Daí porque ninguém pareceu acreditar quando uma escola adotou em seu samba-enredo e desfile um tom politicamente ácido. Claro, vampiresca alegoria ao presidente teve papel, bem como alusão à corrupção e muitas coisas outras.
Surpreendeu céticos e, até mesmo, crentes o que se passou na Sapucaí.
Sabemos como se dá o financiamento da maioria das escolas de samba, mas deixando a ironia de lado, notei um outro aspecto curioso, cômico até.

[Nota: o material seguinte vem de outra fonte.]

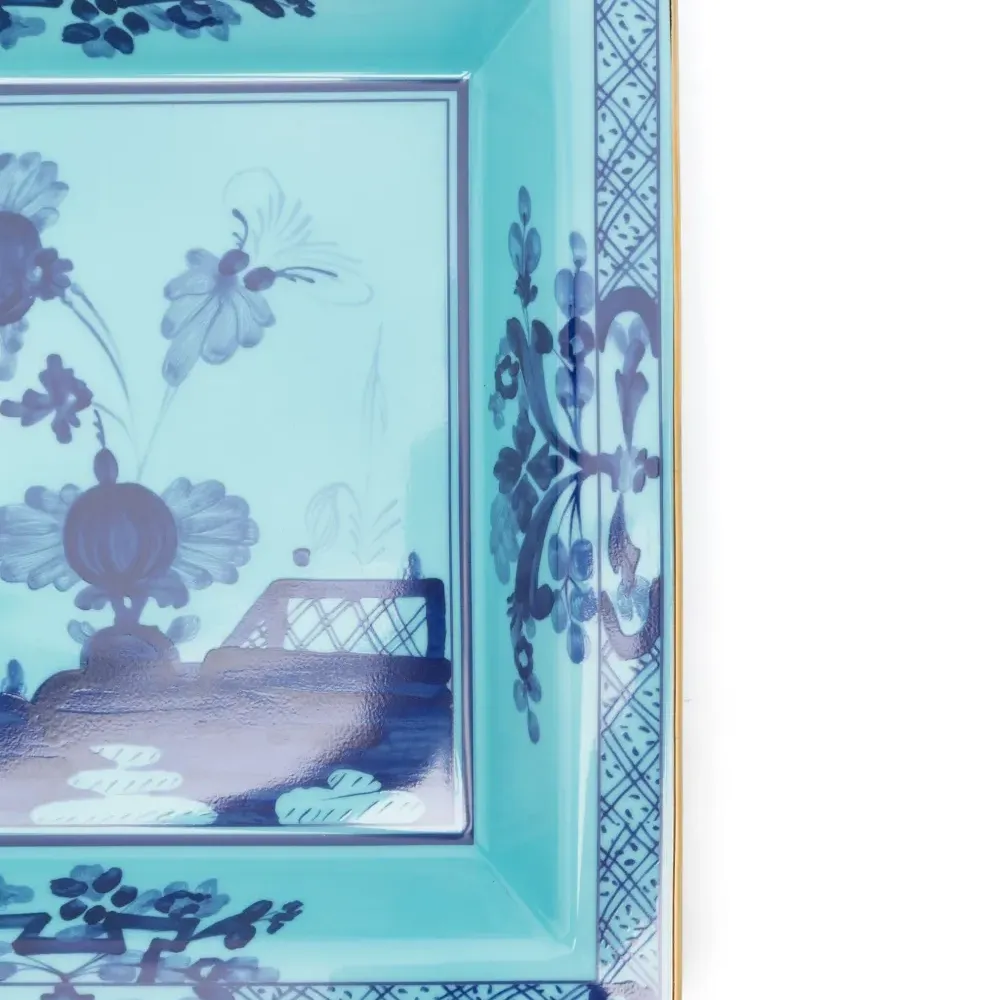 Блюдо для мелких предметов Oriente Italiano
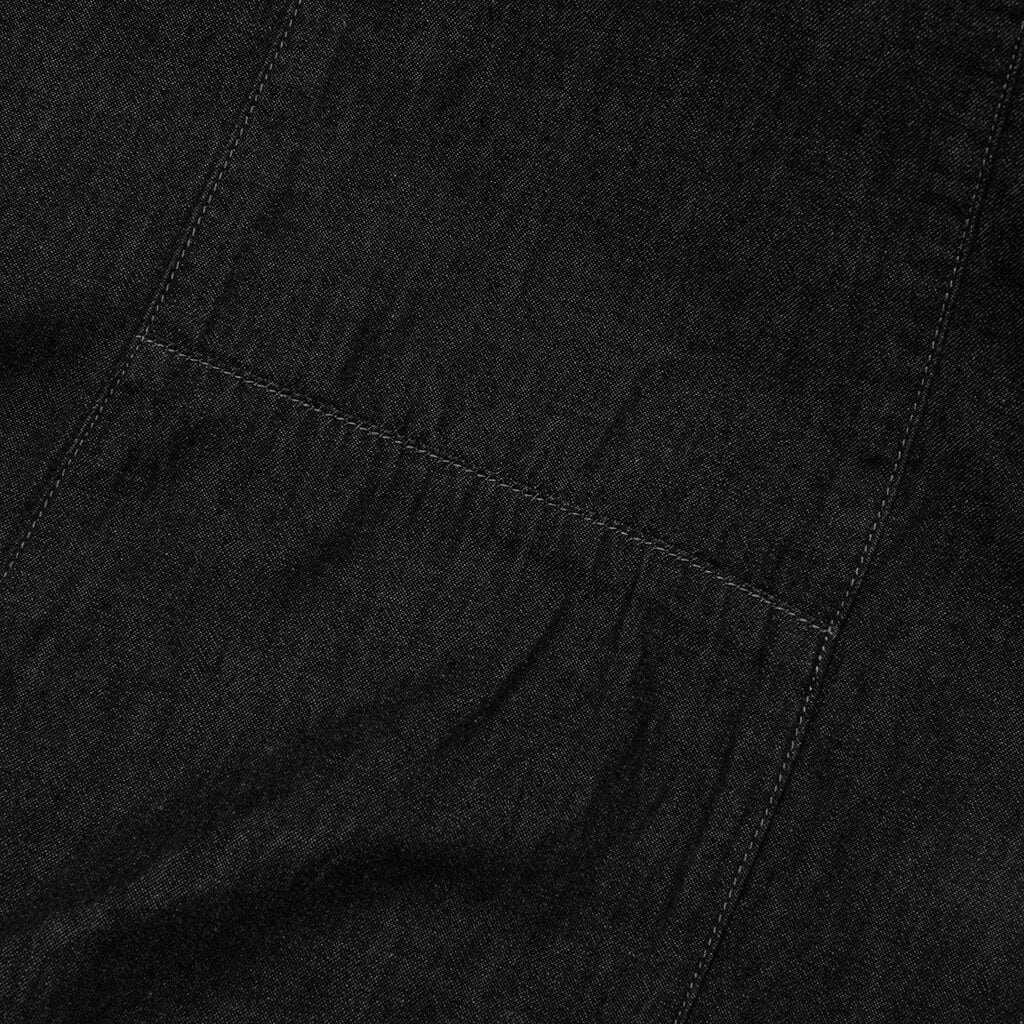 H.D. Pant - Black - Image 5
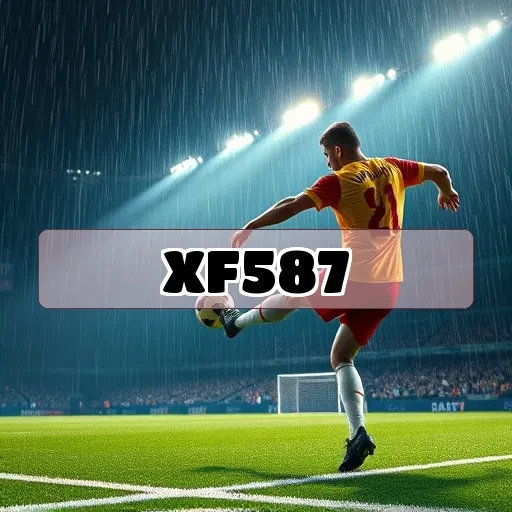 xf587.com: Avaliações que Transformam Sua Experiência em Jogos Online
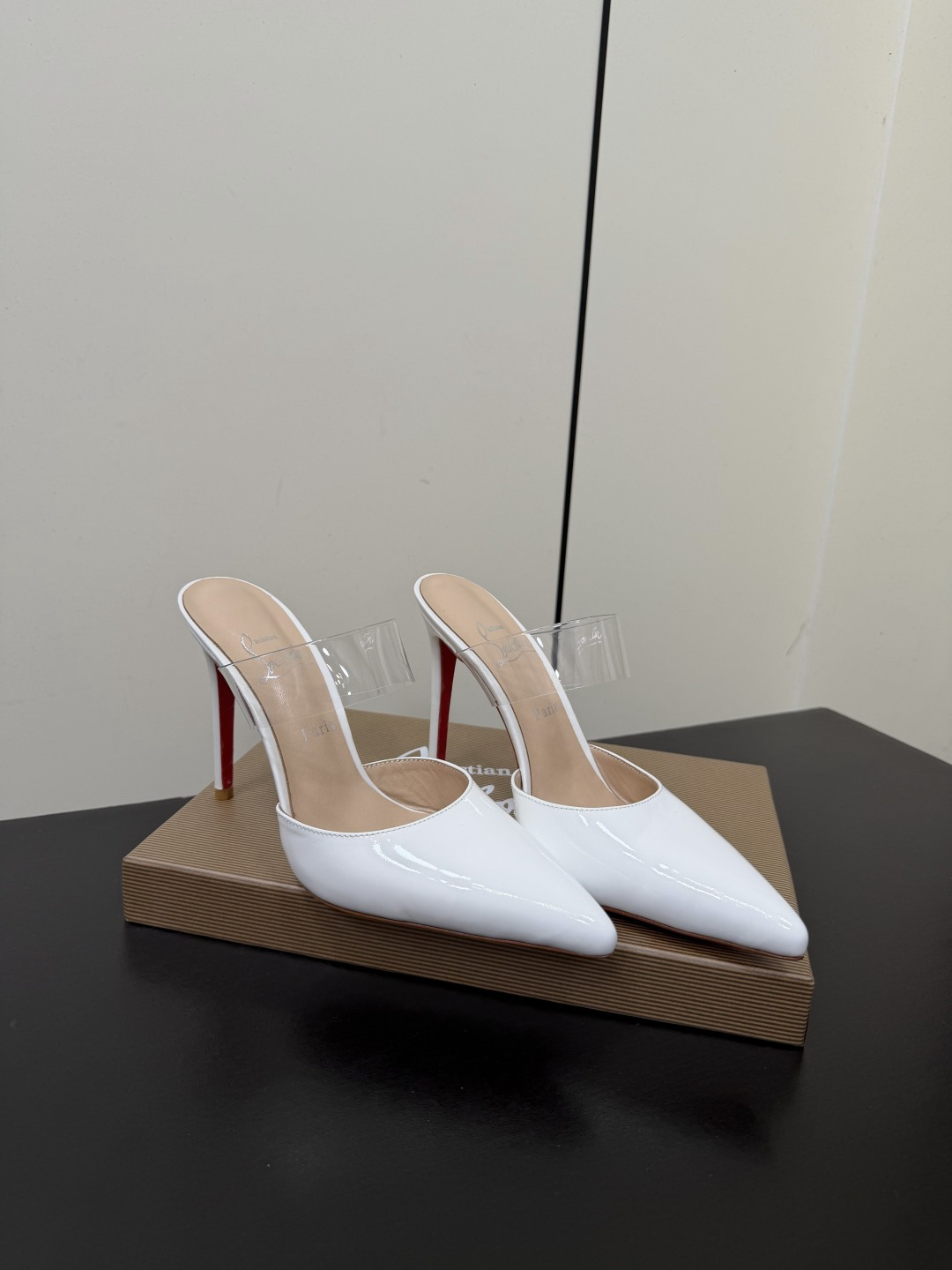 Women's shoes collection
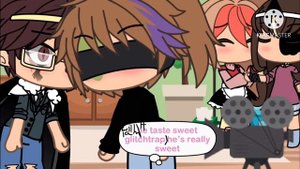 William afton and Henry Emily reunion for 24hours fnaf part1/4 ‘Is he pregnant’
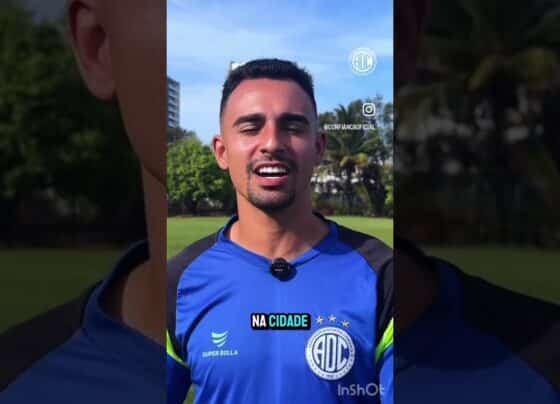 Jogadores do Confiança falam a respeito da primeira semana de treinos
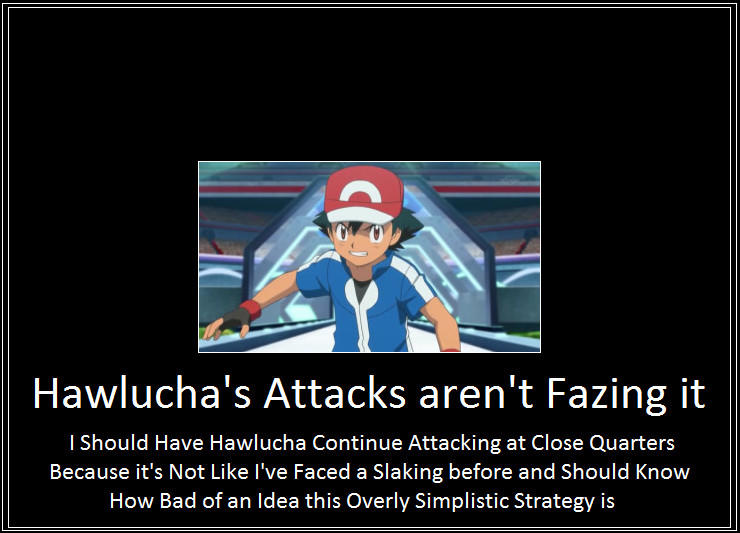 Ash Slaking Meme by 42Dannybob on DeviantArt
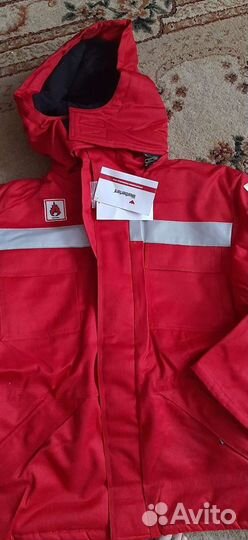 Спецодежда Wеаthеrfоrd зимняя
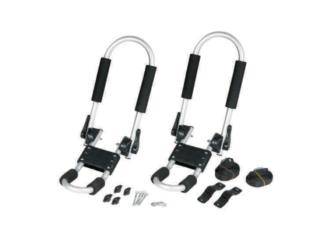 J RACK en aluminio ajustable KAYAK, D MAXIMUS IMPORTS Puerto Rico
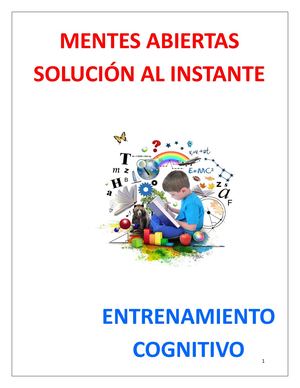 Revista Procesos Cognoscitivos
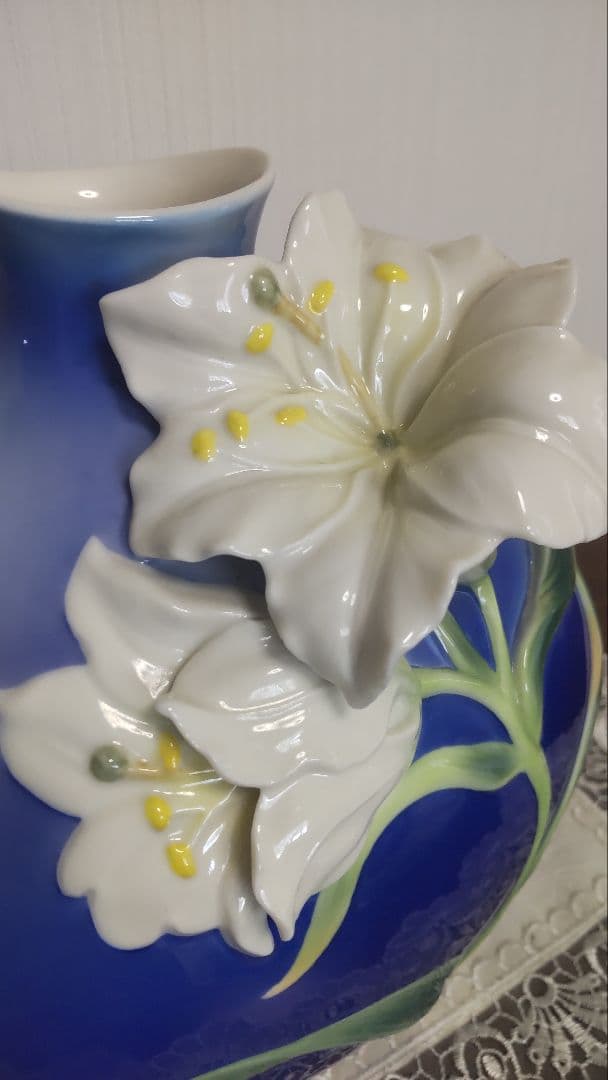 フランツコレクション フラワーベース☆花瓶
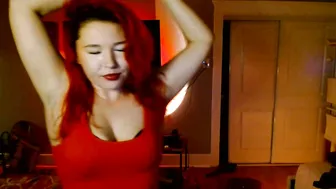 callmebabyred recorded nude video 583403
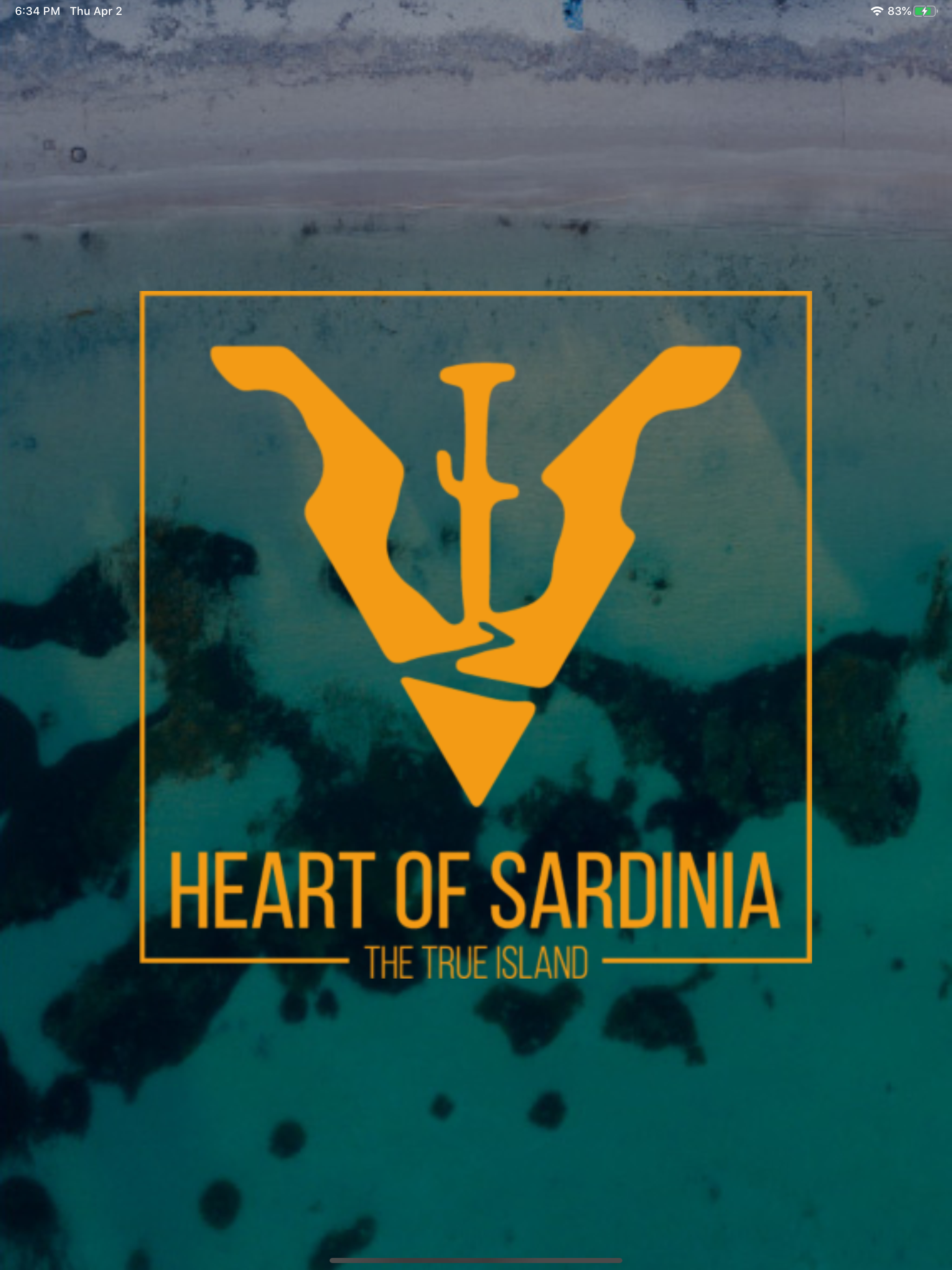 Heart of Sardinia screenshot 7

Talvez o desfile da GRES Paraíso da Tuiuti tenha sido o primeiro protesto no Brasil a gozar de consenso tanto de organizadores como da polícia sobre o número de participantes.
Oxalá consigamos retomar impulso e, sobre esse consenso, voltar nossa energia ao indispensável movimento social de indignação, inadmissibilidade e irresignação contra malfeitos e lesões que nos vêm sendo infligidos por aqueles que escolhemos (mal) para nos conduzir ao desenvolvimento.
Passada a Quarta-Feira de Cinzas, em um ano eleitoral, mais do nunca precisamos nos organizar para ajudar a fênix brasileira a renascer de suas cinzas.
Enquanto focamos totalmente no exercício catártico da festa pagã, nossos vizinhos argentinos, e até os norte-americanos, aprovaram reformas tributárias, reduzindo alíquotas do imposto de renda das empresas, tornando seus países mais atraentes para o investimento externo e permitindo que suas empresas se tornem mais competitivas no mercado global.
Nós ainda não conseguimos terminar sequer a reforma trabalhista, que se assemelha às baterias das escolas de samba, mesmo que não devesse. Entrou na avenida, fez uma progressão inicial e, ao meio do desfile, recuou e ainda estamos todos na expectativa do que virá a seguir: a retomada do desfile ou um erro catastrófico de evolução.